UVALDE, Texas — One year ago, Brett Cross waited hours at Uvalde’s civic center for updates about his son, Uziyah Garcia.
“We waited. They kept bringing in buses full of kids and Uzi never got off,” said Cross.
He is one of 21 families who never got to hold their loved ones again. On May 24, 2022, 19 children and two teachers were killed by a gunman at Robb Elementary School.
Cross saw and experienced the overwhelming news coverage of Uziyah’s death. He watched as details unfolded about the mass shooting.
“I don’t believe in perfect anymore,” Cross said.
Since the massacre, Cross is continuously disappointed by systemic failures that cost the life of his son. Present at the school were 376 law enforcement officers, and it took 77 minutes for them to enter the classroom. An 18-year-old fired 1,657 rounds of ammunition with two AR-15 semi-automatic rifles.
Those are statistics, but Uziyah was not.
“He isn’t a number.
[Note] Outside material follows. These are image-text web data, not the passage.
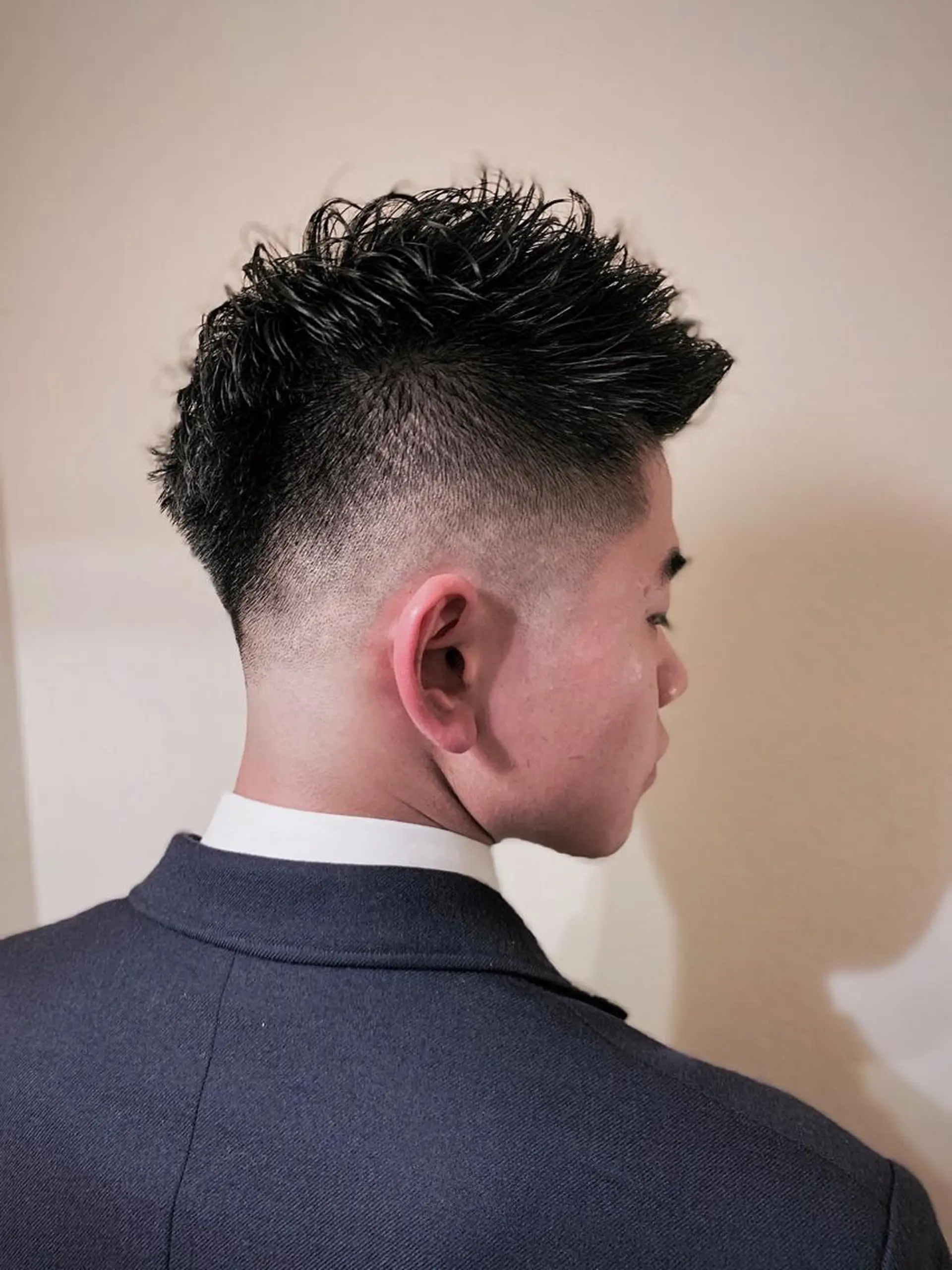 ショート パーマ メンズ HIROGINZA ヒロ銀座 青山所属・マツオ リュウホウ🐉のヘアスタイル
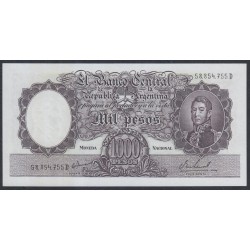 Аргентина 1000 песо (1966-1969) (ARGENTINA 1000 pesos (1966-1969)) P 279(3) : UNC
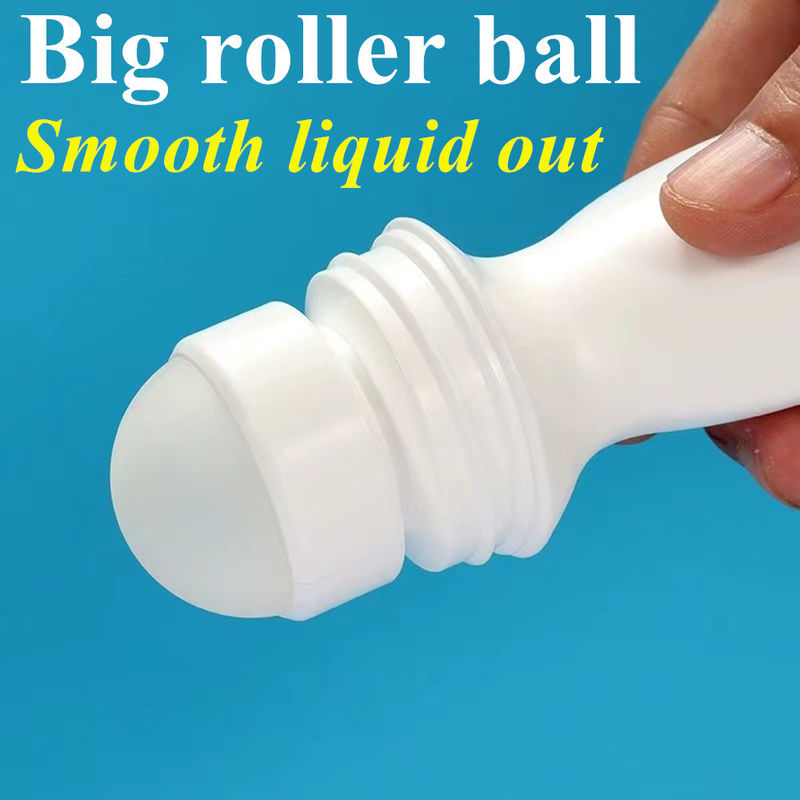 50 میلی لیتر 60 میلی لیتر روغن ضروری بوی بدن زیر بغل مراقبت از پوست پلاستیک HDPE ضد عطر ضد عرق پلاستیک رول روی بطری
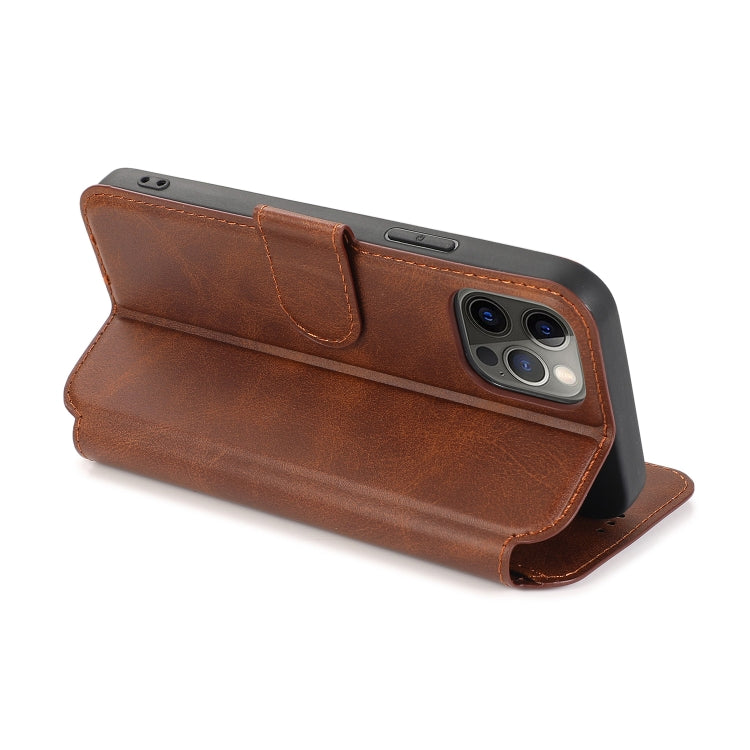 For iPhone 12 / 12 Pro Shockproof PU + TPU Leather Case with Card Slots & Holder & Photo Frame & Wallet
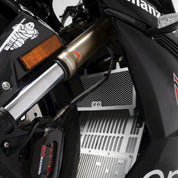 R&G Racing Black Aluminum Radiator Guard For 2021-2022 Energica Motor Company EGO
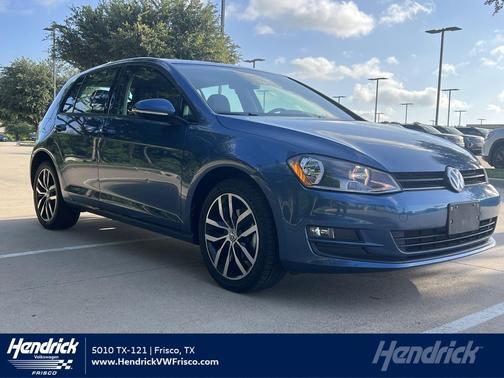 Silk Blue Metallic 2017 Volkswagen Golf TSI SE 4-Door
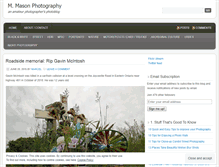 Tablet Screenshot of mmasonphotography.wordpress.com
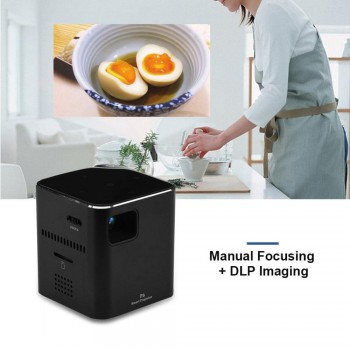 Mini 1080P 2.4GHz/5GHz Micro Projector 1000:1 30000H LED DLP Micro WiFi Wireless Projector For EU Plug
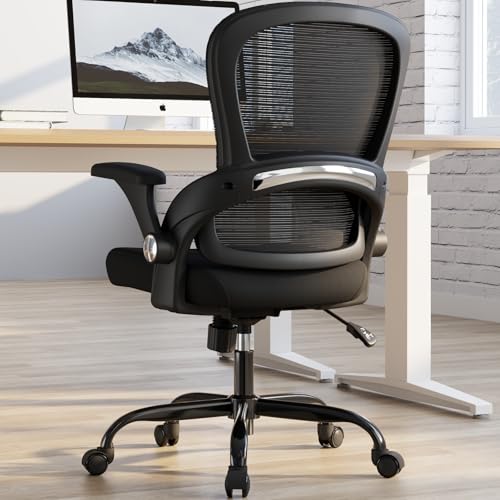 TRALT Office Chair - Ergonomic Office Chair with Back Support, Home Office Desk Chairs, 330lbs Wide Seat Big and Tall Office Chairs, Comfy Desk Chair for Work, Study, Office, Gaming (Black)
He is Uzi. And he was everything,” said Cross.
The crowds and coverage following the shooting have come and gone. The Uvalde Town Square, last year, filled with thousands of visitors, is quiet today. But for Cross, it means he needs to raise his voice louder, so people do not forget about Uziyah, his classmates and teachers.
On Tuesdays during the 88th legislative session in Austin, Cross made a weekly three-hour drive to the Texas State Capitol. He supports more than 21 bills announced in the aftermath of the Uvalde mass shooting.
Only one Uvalde bill has been heard in committee. On April 18, House Bill 2744 was on the schedule. The bill would raise the purchase age of semi-automatic rifles from 18 to 21. Cross and other families from Uvalde waited 14 hours to testify in support of HB 2744.
“Your thoughts and prayers haven’t done anything in the 329 days since Uziyah was shot through his stomach, exiting his spine,” Cross told the committee.
Cross wants legislators to know him, because they will never get the chance to know Uziyah.
Three weeks later on May 9, the efforts of Uvalde parents seemed promising. HB 2744 unexpectedly passed through the committee. However, the bill did not make it on the Texas House Agenda and will fail this session.
For Cross, it means he will be back in Austin until there is gun reform.
“It’s another day without him,” said Cross.